Some Christians view taxes and government spending as being part of our duty of compassion to our neighbors. We are told that to oppose high levels of taxation and government spending is to disobey Jesus himself, because paying taxes and voting to spend government money are ways that we love our neighbor.
(If it is an idolatrous mistake to create a Jesus who is a flag-waving Republican, certainly it is equally a mistake to make Jesus into Nancy Pelosi in sandals.)
To speak of compassion by compulsion, at government gunpoint, would appear to be a contradiction in terms.
Both Jim Wallis, and the man in the White House, quote the Bible to support taxation and government spending as compassion: “I am my brother’s [sic] keeper.” This misquote, from the mouth of Cain in Genesis 4:9 rather than from Jesus, grammatically is actually a question, and a sarcastic one at that: “Am I my brother’s keeper?”
A one-letter prefix (the Hebrew letter “he”) makes a world of difference in the meaning of this verse.
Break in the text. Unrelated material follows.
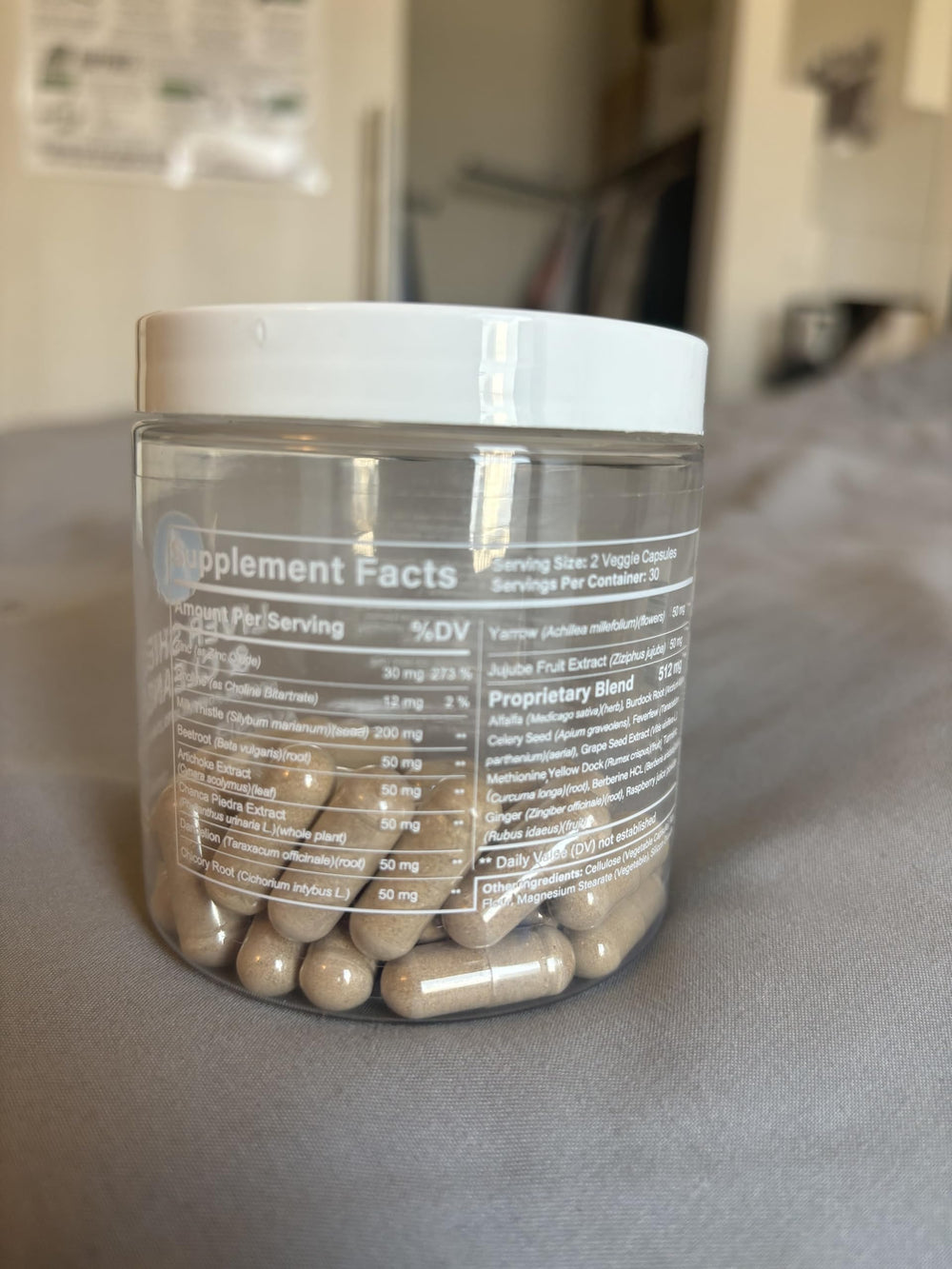 Usage image showing two capsules per day for liver health and digestion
It cannot be the Hebrew definite article, because the definite article almost never occurs on a noun that is in the construct state, that is, possessed by another noun. This prefix has to be the Hebrew question-marker. You can claim that some ancient Tea Party activist slipped that tiny question-marker into a text that was not originally a question. But that would have had to have happened before 275 BC, because by this early date, the Septuagint translator also, unmistakably, translates this sentence into Greek as a question, which is evidence that the question-marker was already in the translator’s Hebrew original. A pretty shaky foundation on which to build a doctrine that makes such costly categorical demands.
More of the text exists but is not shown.